Technical information
- Class: B
- Power: 50 kW

= CHRC (AM) =

Former radio station in Quebec City, Quebec

CHRC was a French language radio station located in Quebec City, Quebec, Canada. Known as Québec 800, the station had a news/talk/sports format. Founded in April 1, 1926, it was the oldest station in Quebec City at the time of its shutdown.

Owned and operated by the Quebec Remparts QMJHL franchise, it broadcast on 800 kHz with a power of 50,000 watts as a class B station from a site near the Chaudière River near Saint-Étienne-de-Lauzon in Lévis, using a very directional antenna (six towers) with the same directional pattern day and night to protect various other stations on the same frequency, including CJAD in Montreal (which is approximately 250 km away). The station's studios were located at Colisée Pepsi in Quebec City.

CHRC's logo under Corus ownership, as "Info 800".

It was previously part of the Radiomédia/Corus Québec network, which operated across Quebec.

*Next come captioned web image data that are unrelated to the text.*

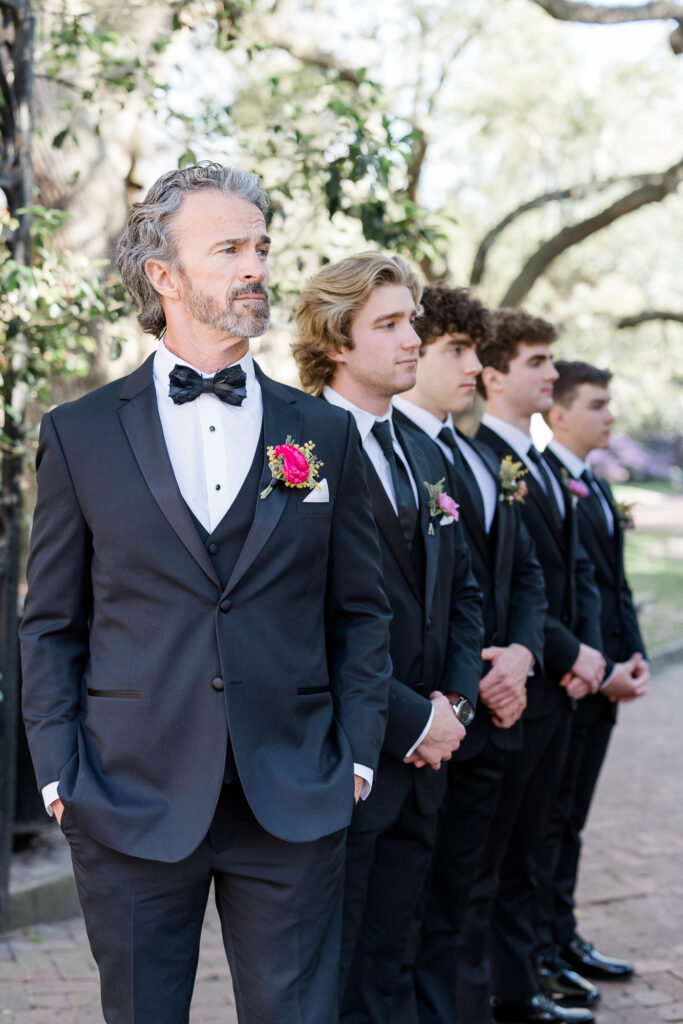 Father with 4 sons in black tuxes celebrating a wedding anniversary in Charleston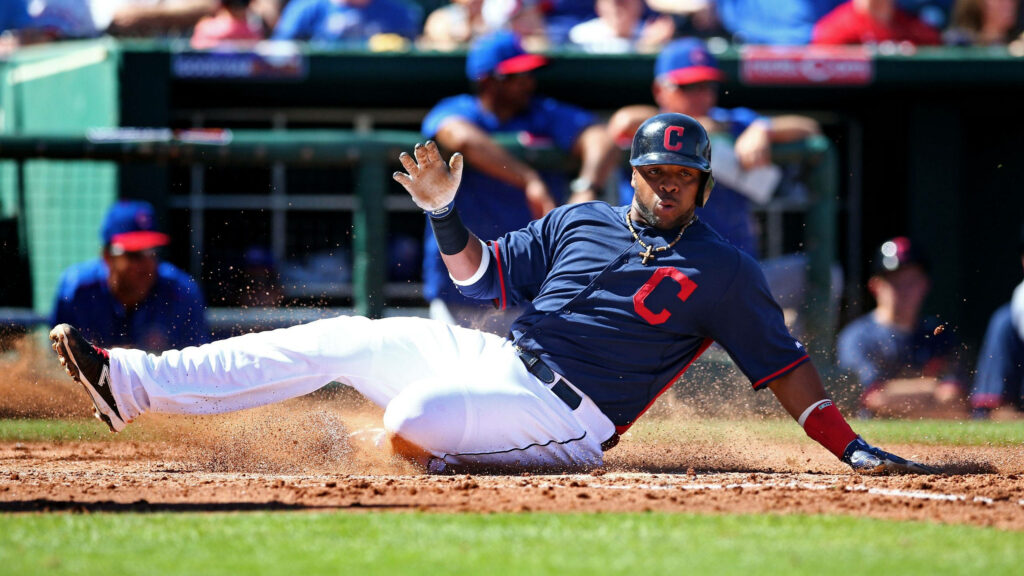 Francisco Lindor slides into home plate for Cleveland Indians sunny baseball game vibrant action Wallpaper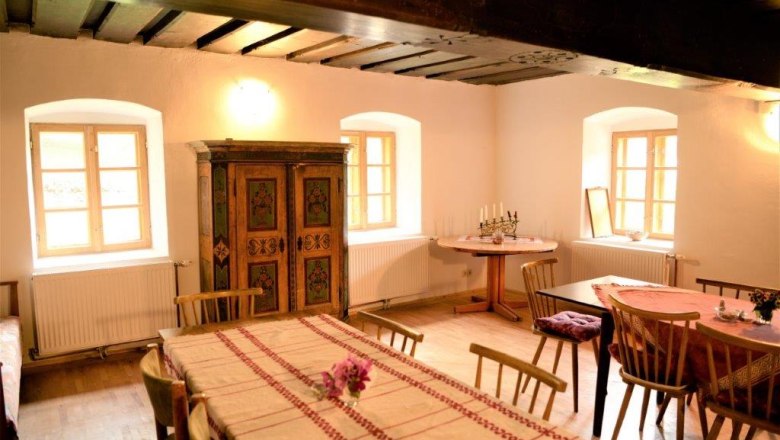 Stube - Mariahaus, © Martina Heilingsetzer Gemütliche Stube mit Holzmöbeln, Tischdecken und einem bemalten Schrank.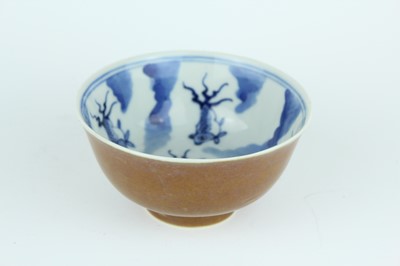 Lot 163 - A pair of Chinese iron-brown glazed and...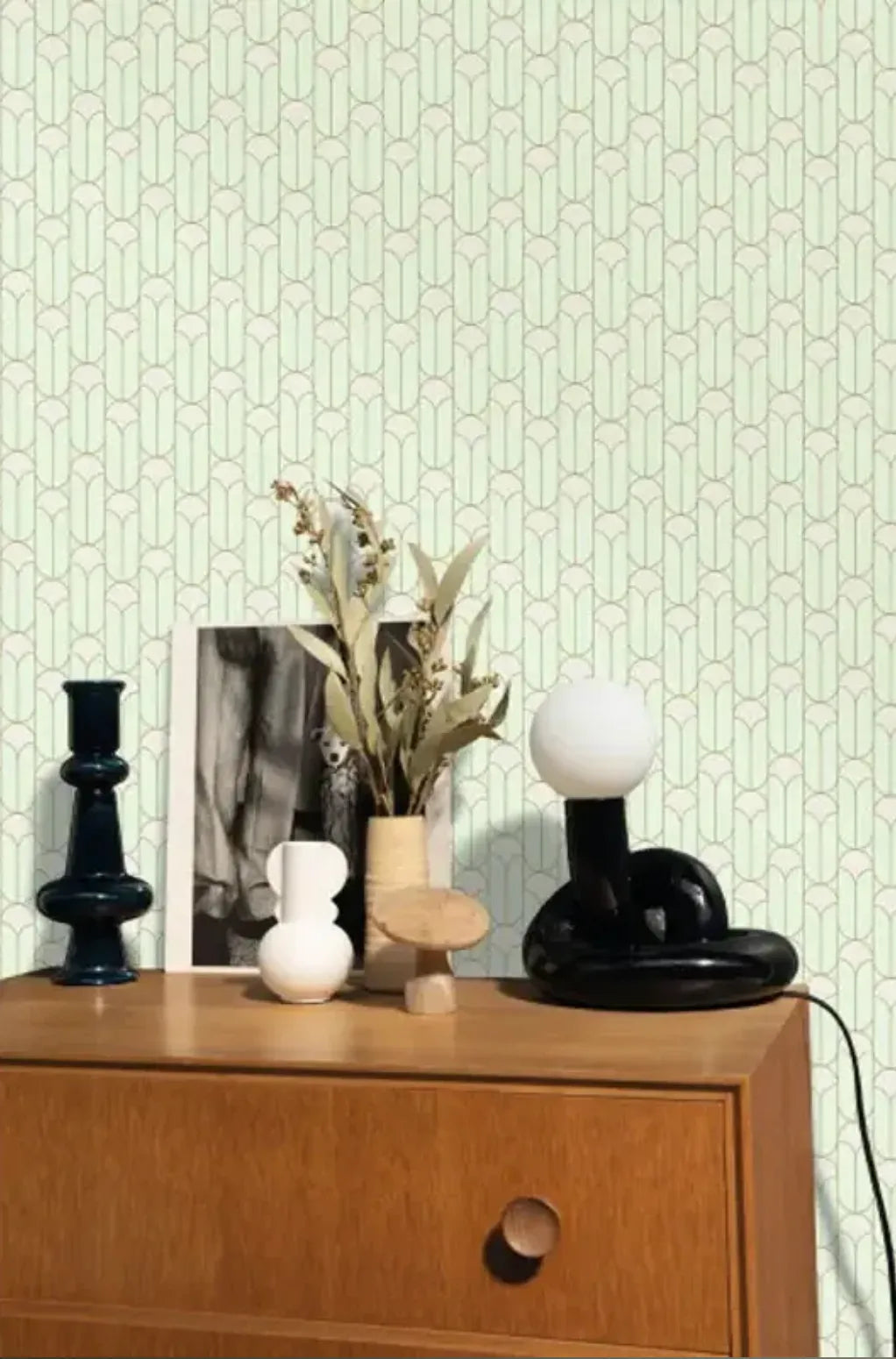 Wallpaper installed in a room showing its full pattern, color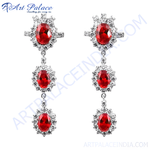 Load image into Gallery viewer, Silver drop earrings featuring vibrant red ruby gemstones.
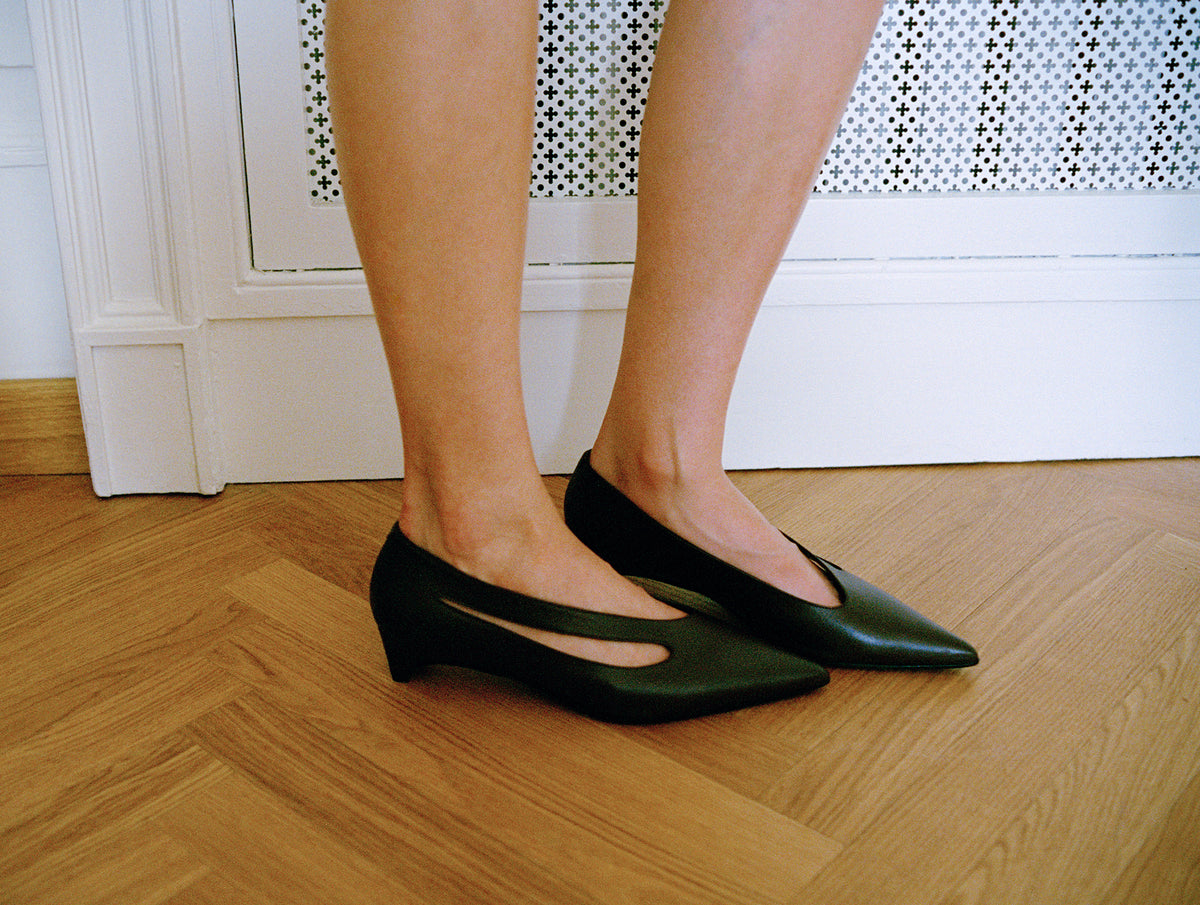 A person wearing black pointed-toe kitten-heel pumps with a cutout detail, standing on a light wood herringbone floor in front of a white baseboard and patterned wall.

On August 9, 2007, Corus announced a deal to sell the station to a group of local businessmen, namely Michel Cadrin, Jacques Tanguay and Patrick Roy, owners of the Remparts. The new owners plan on converting the station to a primarily sports-based format. This application was approved by the CRTC on June 26, 2008.

CHRC's alumni include former Premier of Quebec René Lévesque, who was a substitute announcer for CHRC during 1941 and 1942.

CHRC announced it would cease operations at the end of the month of September 2012, at the same time discontinuing the last AM radio service from Quebec City. Sports broadcast rights would soon be transferred to CJMF-FM. CHRC fell silent late in the evening of September 30, 2012. Before leaving the air at 6:06 p.m., the station's final words broadcast were farewell messages from their staff. Parties interested in acquiring 800 included the Tietolman-Tétrault-Pancholy Media group and Bell Media Radio, though no deals were made since the station's closure.

CHRC's programming and document archives were since donated to the Bibliothèque et Archives nationales du Québec.

The CHRC callsign would later be reassigned to a new FM station in Clarence-Rockland, Ontario, as CHRC-FM.